Methods: From August 2002 through April 2004, we enrolled 53,454 persons at high risk for lung cancer at 33 U.S. medical centers. Participants were randomly assigned to undergo three annual screenings with either low-dose CT (26,722 participants) or single-view posteroanterior chest radiography (26,732). Data were collected on cases of lung cancer and deaths from lung cancer that occurred through December 31, 2009. This dataset includes the low-dose CT scans from 26,254 of these subjects, as well as digitized histopathology images from 451 subjects.

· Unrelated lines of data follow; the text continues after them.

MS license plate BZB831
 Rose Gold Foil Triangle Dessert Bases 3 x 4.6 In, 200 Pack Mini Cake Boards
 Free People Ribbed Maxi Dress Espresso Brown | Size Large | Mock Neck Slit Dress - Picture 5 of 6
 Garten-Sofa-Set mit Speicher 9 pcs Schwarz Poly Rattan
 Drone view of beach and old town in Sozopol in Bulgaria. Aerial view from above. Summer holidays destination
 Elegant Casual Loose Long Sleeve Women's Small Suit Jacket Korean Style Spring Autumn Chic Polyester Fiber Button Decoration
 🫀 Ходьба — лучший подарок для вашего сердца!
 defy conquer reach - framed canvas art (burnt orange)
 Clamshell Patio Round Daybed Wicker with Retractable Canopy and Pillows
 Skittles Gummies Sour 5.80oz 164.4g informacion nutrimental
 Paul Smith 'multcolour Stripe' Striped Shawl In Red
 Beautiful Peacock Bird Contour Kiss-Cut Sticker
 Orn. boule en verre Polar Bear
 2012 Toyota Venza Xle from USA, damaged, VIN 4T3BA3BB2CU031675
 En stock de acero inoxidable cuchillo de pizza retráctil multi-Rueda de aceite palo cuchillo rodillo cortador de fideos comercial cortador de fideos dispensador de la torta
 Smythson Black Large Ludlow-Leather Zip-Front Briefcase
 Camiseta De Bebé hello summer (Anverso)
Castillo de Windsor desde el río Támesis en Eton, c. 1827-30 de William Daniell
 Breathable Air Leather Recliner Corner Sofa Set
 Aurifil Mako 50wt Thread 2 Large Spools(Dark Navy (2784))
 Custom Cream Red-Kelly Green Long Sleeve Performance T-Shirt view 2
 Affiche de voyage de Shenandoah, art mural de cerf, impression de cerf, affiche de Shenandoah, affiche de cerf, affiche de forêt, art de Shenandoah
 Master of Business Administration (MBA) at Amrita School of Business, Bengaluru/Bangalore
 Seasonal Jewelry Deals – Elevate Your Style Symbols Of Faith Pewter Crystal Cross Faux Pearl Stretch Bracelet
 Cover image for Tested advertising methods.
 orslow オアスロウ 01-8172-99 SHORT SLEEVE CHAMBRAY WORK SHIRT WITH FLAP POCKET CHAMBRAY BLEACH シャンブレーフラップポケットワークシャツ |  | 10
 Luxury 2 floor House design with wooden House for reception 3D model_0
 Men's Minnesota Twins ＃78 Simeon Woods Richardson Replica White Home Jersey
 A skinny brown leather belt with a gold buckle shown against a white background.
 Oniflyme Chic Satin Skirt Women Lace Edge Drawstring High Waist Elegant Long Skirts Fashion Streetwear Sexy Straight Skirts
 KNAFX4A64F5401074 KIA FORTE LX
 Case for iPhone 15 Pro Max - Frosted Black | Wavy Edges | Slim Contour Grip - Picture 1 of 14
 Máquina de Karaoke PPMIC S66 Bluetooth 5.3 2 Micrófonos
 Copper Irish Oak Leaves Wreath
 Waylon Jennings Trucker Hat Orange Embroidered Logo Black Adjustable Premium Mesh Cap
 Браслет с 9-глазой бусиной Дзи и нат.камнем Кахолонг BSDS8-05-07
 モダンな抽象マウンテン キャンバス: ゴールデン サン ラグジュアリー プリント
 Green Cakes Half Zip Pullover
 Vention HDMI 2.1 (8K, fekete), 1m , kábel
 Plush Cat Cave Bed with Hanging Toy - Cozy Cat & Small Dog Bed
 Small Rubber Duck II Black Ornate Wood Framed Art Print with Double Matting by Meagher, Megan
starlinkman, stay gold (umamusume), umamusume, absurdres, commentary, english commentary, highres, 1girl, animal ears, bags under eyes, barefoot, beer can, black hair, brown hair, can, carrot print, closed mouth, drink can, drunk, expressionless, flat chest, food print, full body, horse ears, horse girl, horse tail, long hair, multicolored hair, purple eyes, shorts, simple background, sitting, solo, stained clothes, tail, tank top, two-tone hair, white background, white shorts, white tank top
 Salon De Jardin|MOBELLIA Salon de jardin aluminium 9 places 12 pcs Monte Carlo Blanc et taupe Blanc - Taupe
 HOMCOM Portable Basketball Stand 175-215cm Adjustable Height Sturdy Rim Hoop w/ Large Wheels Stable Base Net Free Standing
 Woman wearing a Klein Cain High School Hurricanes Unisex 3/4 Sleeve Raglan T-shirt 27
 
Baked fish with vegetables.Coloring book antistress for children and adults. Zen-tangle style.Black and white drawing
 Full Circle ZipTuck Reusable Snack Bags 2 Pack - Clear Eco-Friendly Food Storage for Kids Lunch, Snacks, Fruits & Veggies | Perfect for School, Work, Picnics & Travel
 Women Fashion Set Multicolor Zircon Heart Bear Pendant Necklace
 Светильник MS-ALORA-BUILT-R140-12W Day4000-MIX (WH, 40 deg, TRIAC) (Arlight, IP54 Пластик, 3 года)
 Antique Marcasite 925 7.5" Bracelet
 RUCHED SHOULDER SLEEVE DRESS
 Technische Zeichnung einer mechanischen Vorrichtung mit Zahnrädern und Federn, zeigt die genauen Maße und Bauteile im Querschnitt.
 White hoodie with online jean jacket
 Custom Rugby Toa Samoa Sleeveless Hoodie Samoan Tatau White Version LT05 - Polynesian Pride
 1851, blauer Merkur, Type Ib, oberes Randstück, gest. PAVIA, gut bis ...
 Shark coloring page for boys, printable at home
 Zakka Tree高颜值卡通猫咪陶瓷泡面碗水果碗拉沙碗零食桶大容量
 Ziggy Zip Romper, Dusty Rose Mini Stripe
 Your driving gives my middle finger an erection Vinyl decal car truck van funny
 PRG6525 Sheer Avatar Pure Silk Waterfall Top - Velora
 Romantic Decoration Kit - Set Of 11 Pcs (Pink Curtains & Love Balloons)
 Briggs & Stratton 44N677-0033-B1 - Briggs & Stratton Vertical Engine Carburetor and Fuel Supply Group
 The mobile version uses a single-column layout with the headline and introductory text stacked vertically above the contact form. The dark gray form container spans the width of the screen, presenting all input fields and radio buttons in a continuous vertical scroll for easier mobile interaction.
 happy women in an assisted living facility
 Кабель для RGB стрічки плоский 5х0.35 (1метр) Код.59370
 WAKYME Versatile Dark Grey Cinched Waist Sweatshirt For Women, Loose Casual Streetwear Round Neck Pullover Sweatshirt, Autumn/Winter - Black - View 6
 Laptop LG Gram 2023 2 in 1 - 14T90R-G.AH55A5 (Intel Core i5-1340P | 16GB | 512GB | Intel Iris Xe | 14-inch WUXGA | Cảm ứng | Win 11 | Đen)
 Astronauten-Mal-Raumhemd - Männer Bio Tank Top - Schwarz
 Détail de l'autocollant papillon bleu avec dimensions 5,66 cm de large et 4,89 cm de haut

Results: The rate of adherence to screening was more than 90%. The rate of positive screening tests was 24.2% with low-dose CT and 6.9% with radiography over all three rounds. A total of 96.4% of the positive screening results in the low-dose CT group and 94.5% in the radiography group were false positive results. The incidence of lung cancer was 645 cases per 100,000 person-years (1060 cancers) in the low-dose CT group, as compared with 572 cases per 100,000 person-years (941 cancers) in the radiography group (rate ratio, 1.13; 95% confidence interval [CI], 1.03 to 1.23). There were 247 deaths from lung cancer per 100,000 person-years in the low-dose CT group and 309 deaths per 100,000 person-years in the radiography group, representing a relative reduction in mortality from lung cancer with low-dose CT screening of 20.0% (95% CI, 6.8 to 26.7; P=0.004). The rate of death from any cause was reduced in the low-dose CT group, as compared with the radiography group, by 6.7% (95% CI, 1.2 to 13.6; P=0.02).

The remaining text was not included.